Wreak havoc with Azure Chaos Studio

Wreak havoc with Azure Chaos Studio

The main goal with Azure Chaos Studio is to introduce faults and problems into your environment in order to test your resiliency. In the same way that we configure backups we need to sometimes test restores, to be confident in our setup we need to test our other capabilites in the environment.

With chaos studio we can for example

  • Test high availablity
  • Test capacity in our applications, servers & other systems

It can be a very powerful product to use when designing resilient environments and following the well architected framework to introduce faults and errors in your dev and stage environments to find issues fast. Think of DevOps fail early or fail-fast principles, limit the amount of problems that can reach production environments.

Azure chaos studio can support two types of faults in your environment

Service-direct

  • Talks to services and runs against Azure Services directly
  • Example: Shut down virtual machines inside a scale set

Agent-based

  • Agent installed inside the virtual machine
  • Example: CPU and RAM preassure spikes
  • Example: Killing Windows services and/or processes

The entire fault library can be found here

Important! It is not a simulation, it will actually perform the effect (Like CPU spikes)

How does it work?

You create experiements with branches and steps inside Chaos Studio

  • Branches run in parralell
  • Steps run sequentially

Onboard a virtual machine

  • Create a user assigned managed identity
  • Chose which resource group to store it in and give it a name, I called mine uami-test-we-chaos
  • Search for Chaos Studio in the Azure Portal
  • Select Targets -> Select your VM and under Enable targets -> Enable agent-based targets (VM,VMSS)
  • Select the managed identity you created in the previous step and select Disabled under Application Insights
  • Select Review + Enable

This will install the ChaosAgent virtual machine extension. You can verify it is installed here:

Create an experiment

  • Back inside Chaos Studio select Experiments -> +Create -> New experiment
  • Select your subscription, resource group and give your experiment a name
  • Give your step & branch a name
  • Select +Add action & Add fault
  • Under faults select CPU pressure then select next and chose your virtual machine under Target resources and select Add
  • Select Review + create

Run your experiment (Warning, not a simulation things will actually happen!)
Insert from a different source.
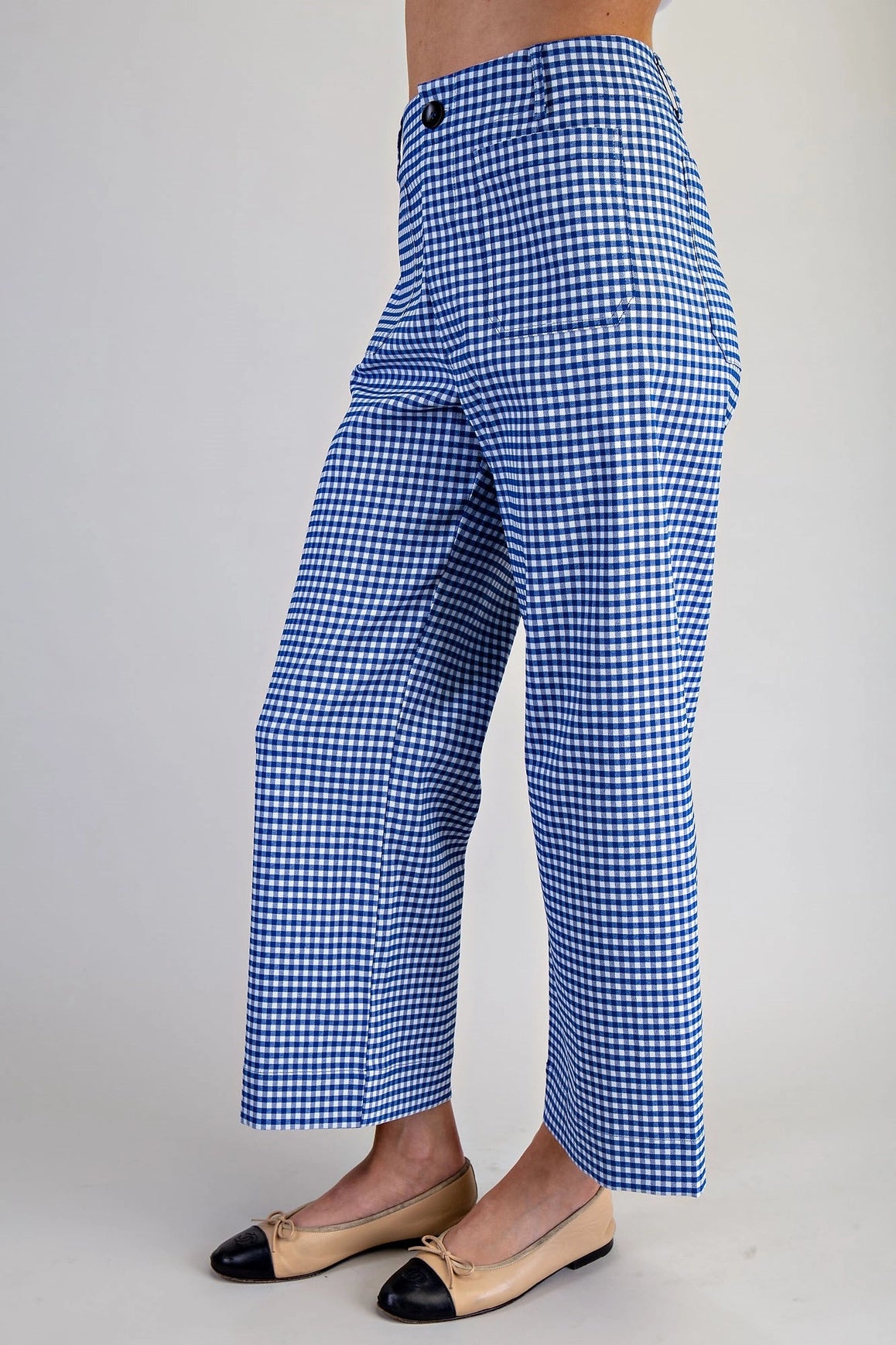 Gingham Straight Leg Cropped Pants in Blue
  • First we need to make sure the used assigned managed identity has the appropriate permissions to carry out the experiment, I gave mine the Contributor permissions (The documentation states reader should be good enough, did not work for me. As this is a service in preview some bugs may happen occassionally):
  • We must also add the used assigned managed identity to the virtual machine, go to your VM and select Identity in the left pane
  • Now head to Chaos Studio and start your experiment
  • Under History you can follow the status of your experiment, on the right hand side select Details
  • I went to my virtual machine page and in the left pane selected Metrics and was able to see my experiment take affect
  • Back inside Chaos Studio I went to the details of my experiment which reported a successful status:

Conclusion

This is in preview still so some issues exists and that is to be expected. However I am excited for this tool as you can focus on scenarios you want to validate and make sure the correct things happen when "shit hits the fan" so to speak.

  • Does following well architected framework (WAF) work?
  • What happens if DNS fails, how does it impact my application?

We often design for failure but dont have a great way to test that things actually are working as intended in case there is a fire. I recommend beginning with a small scope and expand systematically to not destroy anything in production.

This service is currently free while in preview. I suspect that when it hits GA you will most likely be charged for time experiements run and some other things like CPU spiking etc as it will consume more compute resources.

Reference

What is Azure Chaos Studio Preview?
Measure, understand, and build resilience to incidents by using chaos engineering to inject faults and monitor how your application responds.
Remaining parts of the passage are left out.